*What the task requires*.
No line before the one holding "iBeani iPad &" is wanted; restate word for word that line and all lines after it to the end of the entries, excluding pictures.
● ● ● ● ●
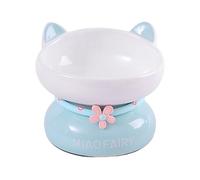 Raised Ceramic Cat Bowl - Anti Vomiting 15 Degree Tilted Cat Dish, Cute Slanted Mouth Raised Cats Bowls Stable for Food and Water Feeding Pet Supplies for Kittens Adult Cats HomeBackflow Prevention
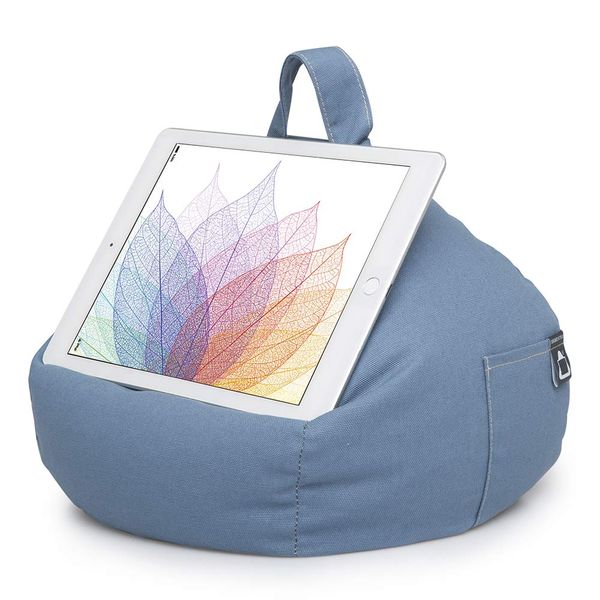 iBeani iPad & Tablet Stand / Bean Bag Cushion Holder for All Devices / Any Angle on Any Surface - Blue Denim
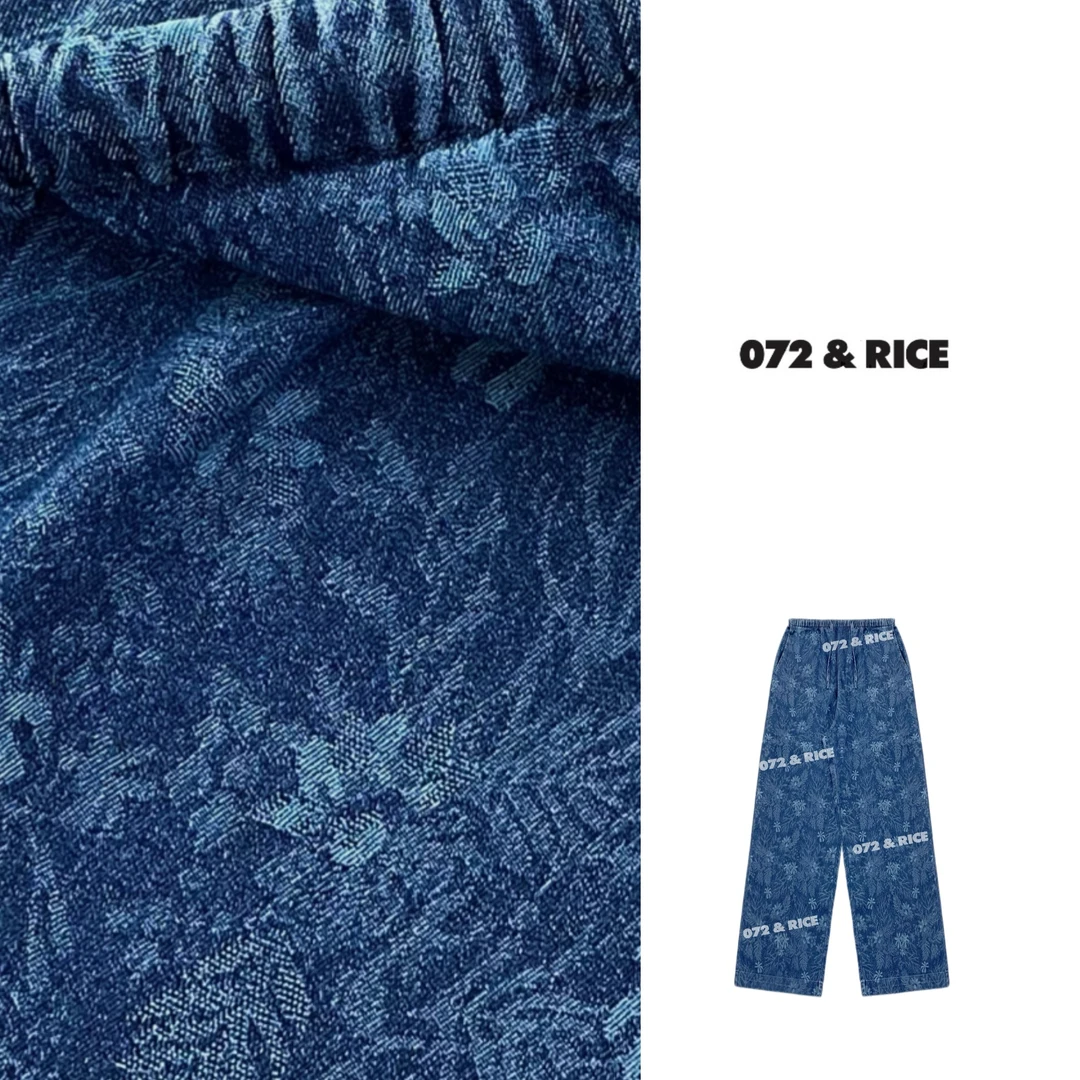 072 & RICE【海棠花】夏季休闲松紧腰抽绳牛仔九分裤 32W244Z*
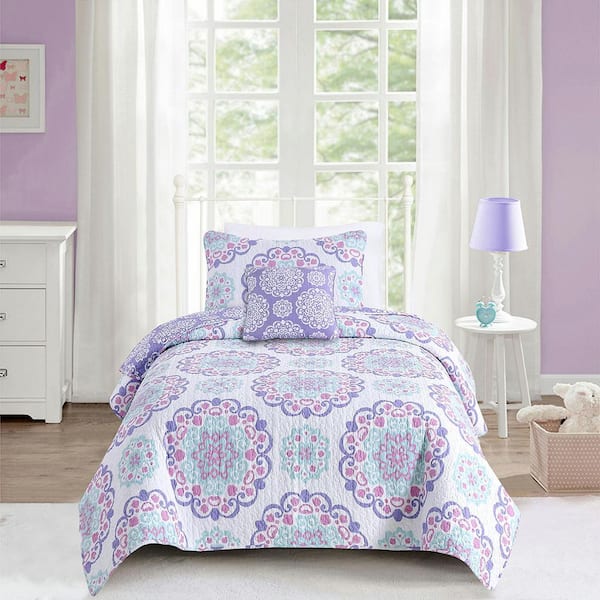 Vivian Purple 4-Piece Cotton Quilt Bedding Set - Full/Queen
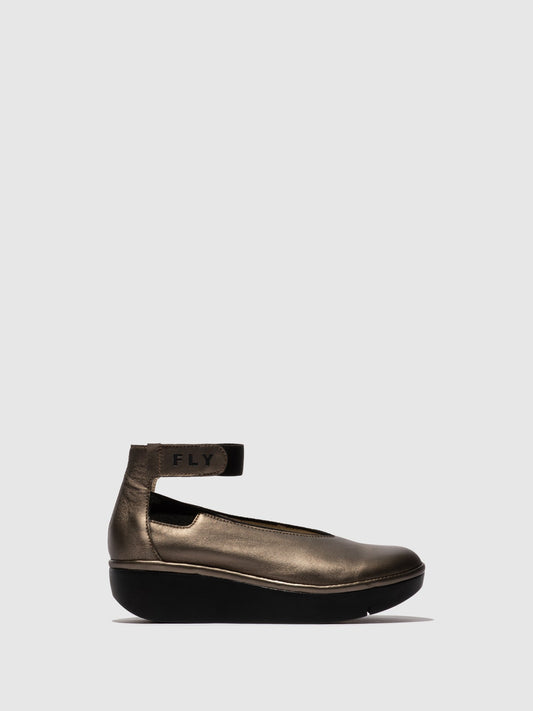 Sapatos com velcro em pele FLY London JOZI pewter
● ● ● ● ●
*Written answer*.
 iBeani iPad & Tablet Stand / Bean Bag Cushion Holder for All Devices / Any Angle on Any Surface - Blue Denim
 072 & RICE【海棠花】夏季休闲松紧腰抽绳牛仔九分裤 32W244Z*
 Vivian Purple 4-Piece Cotton Quilt Bedding Set - Full/Queen
 Sapatos com velcro em pele FLY London JOZI pewter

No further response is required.